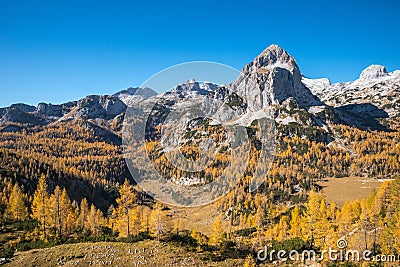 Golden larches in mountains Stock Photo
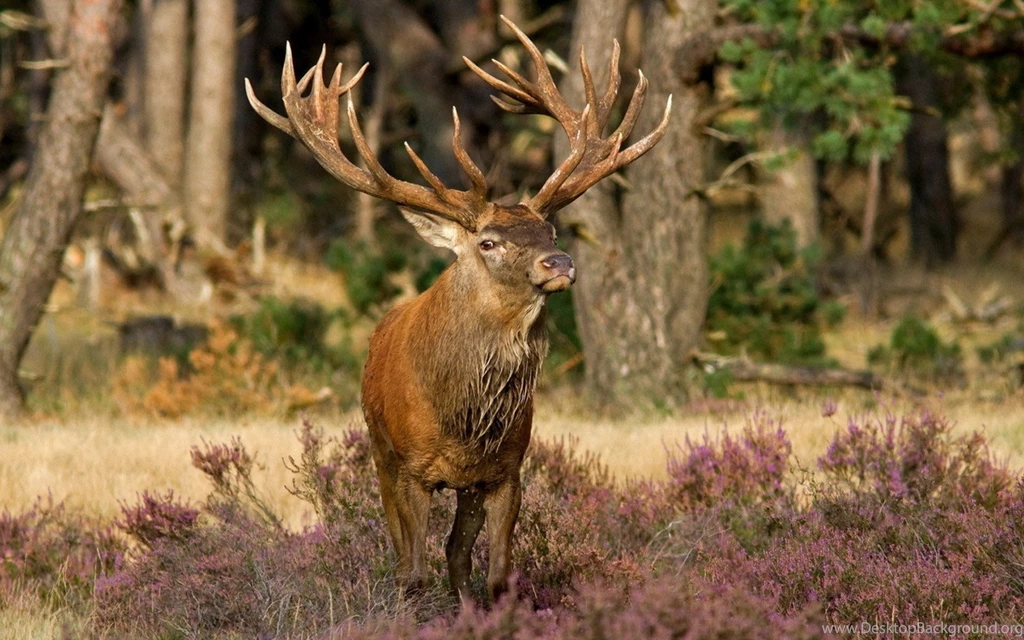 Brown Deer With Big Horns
...
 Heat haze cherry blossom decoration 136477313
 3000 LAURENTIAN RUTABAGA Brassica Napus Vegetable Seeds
---
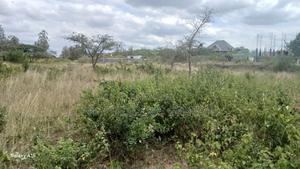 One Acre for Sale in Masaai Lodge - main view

**HOW TO COMPLETE THIS TASK**:
Pictures aside, print exactly the lines above starting with the one containing "Golden larches in mountains Stock Photo" and going on through the one containing "Brown Deer With Big Horns".

**EXERCISE ANSWER**:
 Golden larches in mountains Stock Photo
 Brown Deer With Big Horns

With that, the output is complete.